■ **Exercise details**
Ignoring pictures, transcribe exactly the lines between the one containing "4416 Prospect Ave" and the end of the material, both included.

━━ Data records

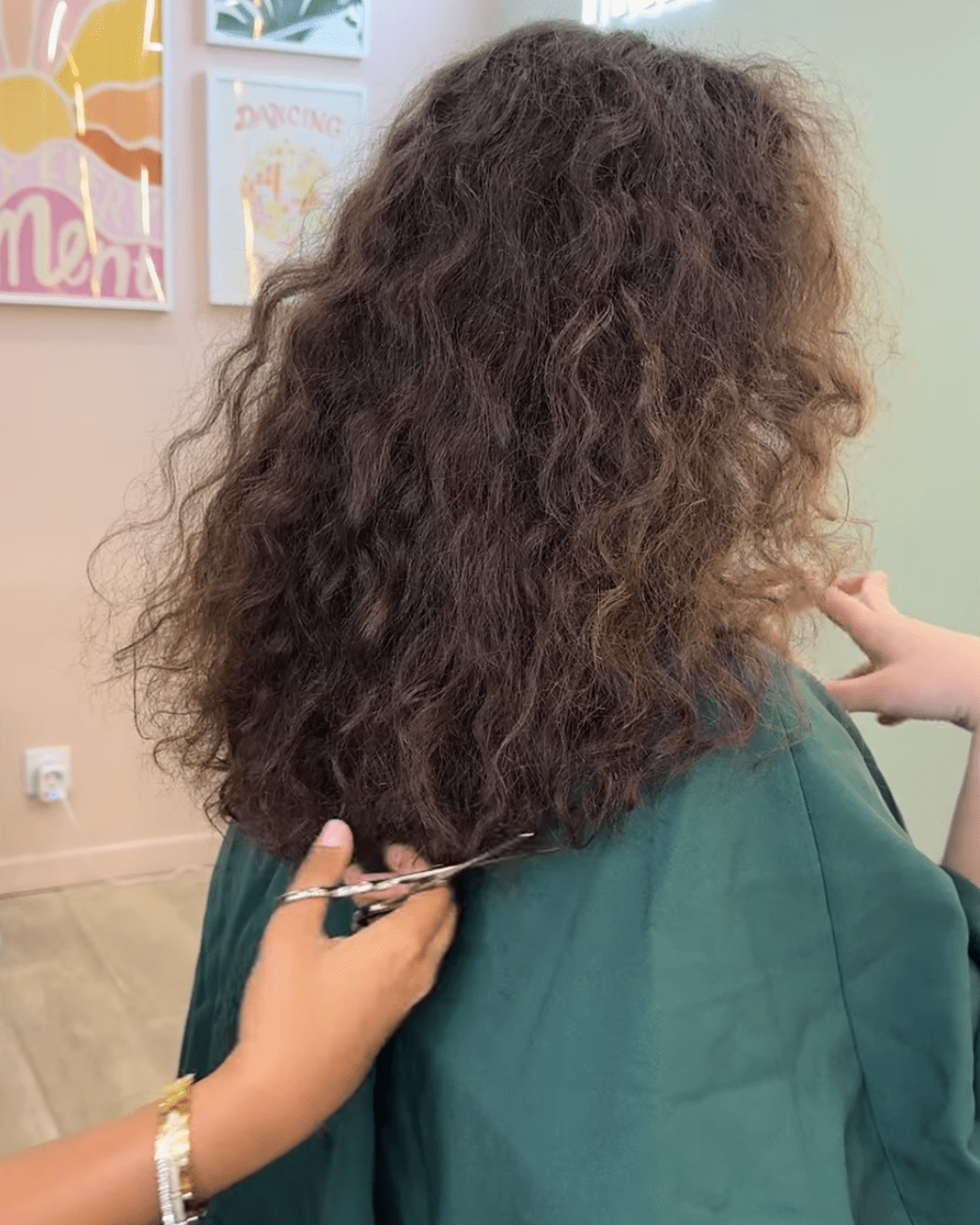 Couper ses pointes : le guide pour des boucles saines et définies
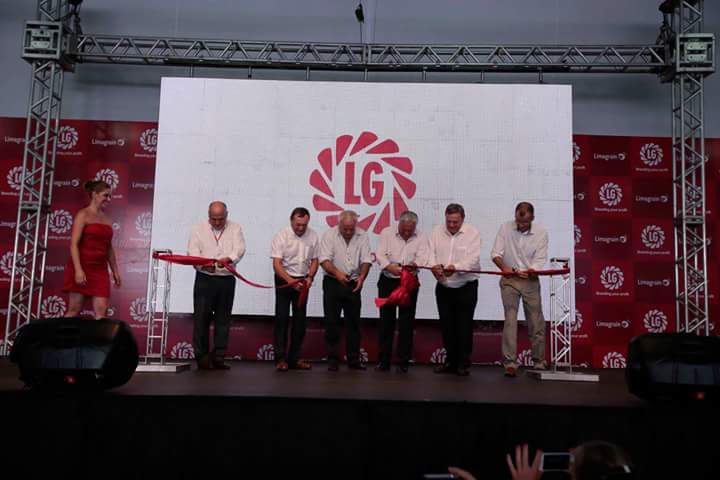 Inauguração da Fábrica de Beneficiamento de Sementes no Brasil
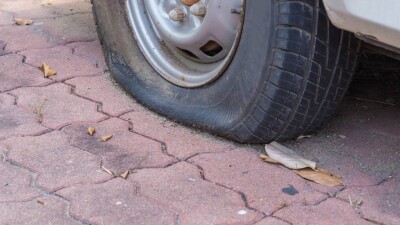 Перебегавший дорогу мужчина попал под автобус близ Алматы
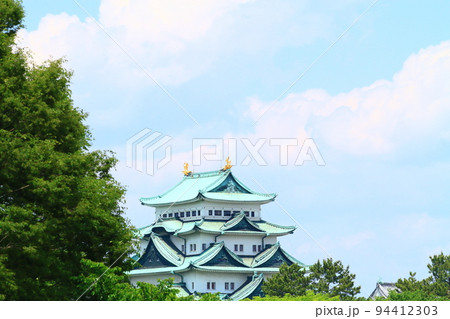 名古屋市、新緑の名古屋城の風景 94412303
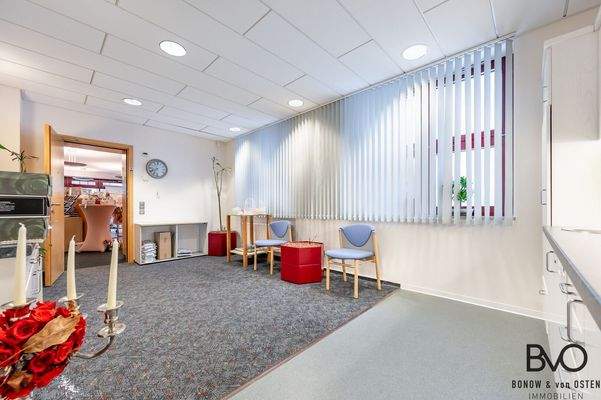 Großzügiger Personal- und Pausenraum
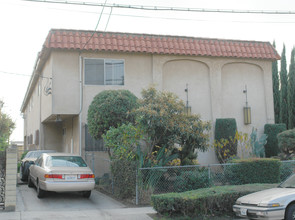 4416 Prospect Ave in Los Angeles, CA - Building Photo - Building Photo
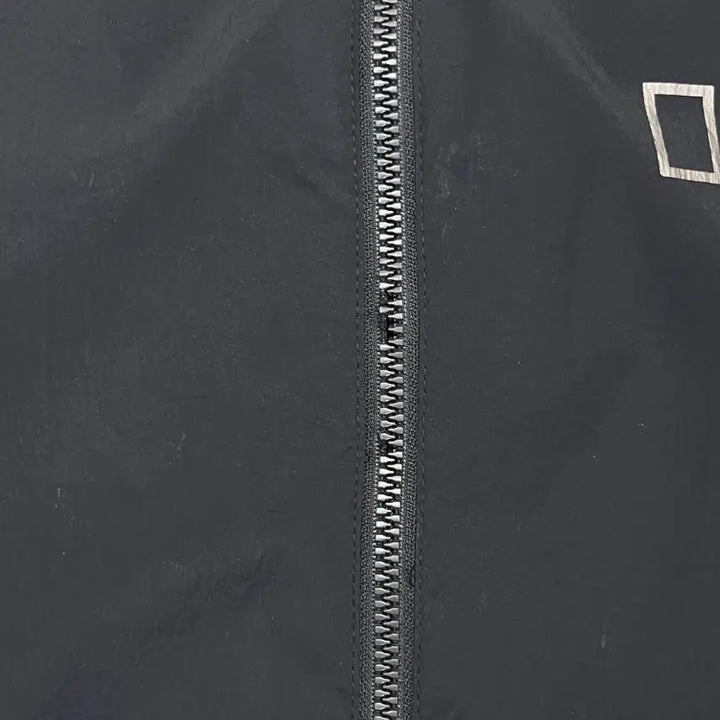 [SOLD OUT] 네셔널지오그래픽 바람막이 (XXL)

━━━━

■ **Written answer**
 4416 Prospect Ave in Los Angeles, CA - Building Photo - Building Photo
 [SOLD OUT] 네셔널지오그래픽 바람막이 (XXL)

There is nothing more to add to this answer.